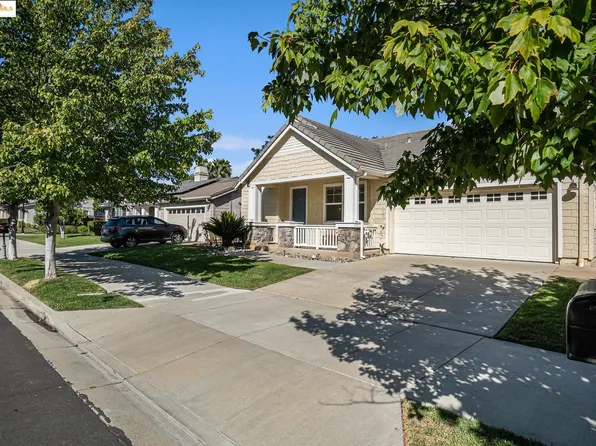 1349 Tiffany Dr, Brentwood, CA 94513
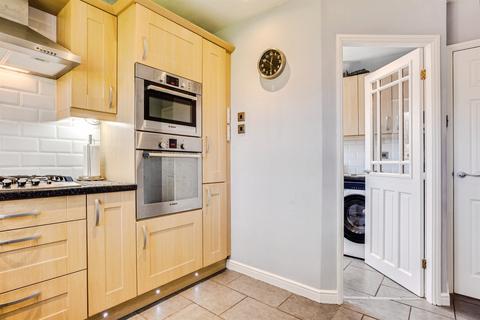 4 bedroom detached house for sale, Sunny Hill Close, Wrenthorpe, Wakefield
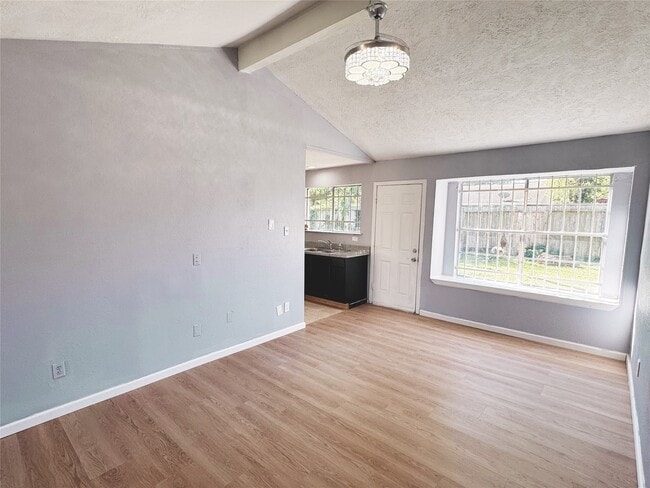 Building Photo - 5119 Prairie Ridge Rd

INSTRUCTIONS FOR THE TASK
Output the lines above in full and exactly. Leave out every picture.

EXERCISE ANSWER
 1349 Tiffany Dr, Brentwood, CA 94513
 4 bedroom detached house for sale, Sunny Hill Close, Wrenthorpe, Wakefield
 Building Photo - 5119 Prairie Ridge Rd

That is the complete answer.